Guénon volle dedicare un libro a una questione matematica quale il calcolo infinitesimale, introdotto da Leibniz e poi diventato un pilastro della scienza moderna. Ma evidentemente riteneva che qui fossero in gioco problemi di altissima rilevanza.
Tralasciando gli aspetti pratici connessi al calcolo matematico – per lui «del tutto privi di interesse» –, Guénon si concentra sui princìpi che dovrebbero costituire il fondamento di ogni sapere particolare, e chiarisce nozioni che in realtà, in quanto passibili di essere trasposte analogicamente e di acquisire anche una valenza metafisica, attraversano l’intera sua opera: dal significato della serie dei numeri, dell’unità e dello zero alle fondamentali differenze fra l’«infinito» propriamente detto e l’«indefinito», fra il continuo e il discontinuo, fra la quantità e la qualità.

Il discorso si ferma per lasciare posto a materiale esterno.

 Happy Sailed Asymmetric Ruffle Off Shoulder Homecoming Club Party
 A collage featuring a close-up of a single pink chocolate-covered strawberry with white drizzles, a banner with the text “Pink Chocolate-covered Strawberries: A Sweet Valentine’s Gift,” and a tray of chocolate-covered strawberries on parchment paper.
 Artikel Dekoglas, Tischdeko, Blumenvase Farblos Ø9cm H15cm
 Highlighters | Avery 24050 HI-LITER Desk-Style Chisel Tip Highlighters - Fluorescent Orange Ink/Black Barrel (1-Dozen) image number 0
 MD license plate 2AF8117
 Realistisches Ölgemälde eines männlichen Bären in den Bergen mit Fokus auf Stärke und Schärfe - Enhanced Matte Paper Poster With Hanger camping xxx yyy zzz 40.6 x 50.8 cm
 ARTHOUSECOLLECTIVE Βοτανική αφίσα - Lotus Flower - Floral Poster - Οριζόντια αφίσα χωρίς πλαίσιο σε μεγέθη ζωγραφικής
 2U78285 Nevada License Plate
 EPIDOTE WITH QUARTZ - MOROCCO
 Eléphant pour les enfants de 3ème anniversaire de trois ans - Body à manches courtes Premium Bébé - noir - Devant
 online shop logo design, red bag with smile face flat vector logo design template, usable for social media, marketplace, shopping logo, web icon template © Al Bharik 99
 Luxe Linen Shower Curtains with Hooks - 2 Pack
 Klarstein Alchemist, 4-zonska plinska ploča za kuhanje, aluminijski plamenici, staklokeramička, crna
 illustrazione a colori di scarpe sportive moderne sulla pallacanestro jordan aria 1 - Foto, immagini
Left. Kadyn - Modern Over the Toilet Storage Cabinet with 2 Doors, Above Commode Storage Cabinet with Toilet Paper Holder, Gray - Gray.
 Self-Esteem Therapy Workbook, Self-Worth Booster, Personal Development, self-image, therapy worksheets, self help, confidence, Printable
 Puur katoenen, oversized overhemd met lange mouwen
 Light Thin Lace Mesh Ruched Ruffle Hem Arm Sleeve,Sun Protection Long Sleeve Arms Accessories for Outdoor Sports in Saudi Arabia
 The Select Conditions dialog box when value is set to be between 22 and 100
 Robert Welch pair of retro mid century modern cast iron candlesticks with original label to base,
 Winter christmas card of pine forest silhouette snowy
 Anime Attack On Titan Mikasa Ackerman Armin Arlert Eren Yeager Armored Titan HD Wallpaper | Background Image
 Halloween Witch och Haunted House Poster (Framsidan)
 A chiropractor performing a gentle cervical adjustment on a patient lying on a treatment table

Guénon mostra come le difficoltà concettuali e i dubbi affrontati da Leibniz e dai matematici che dopo di lui si cimentarono con l’idea dell’infinito discendano dall’abbandono di quel rigore intellettuale proprio del pensiero metafisico che, in rapporto alla mera indagine empirica e razionale cui sono confinate le scienze moderne, rappresenta un «passaggio al limite» – rispetto al quale, secondo Paolo Zellini, anche le «formule del calcolo più avanzato non possono sempre dichiararsi estranee».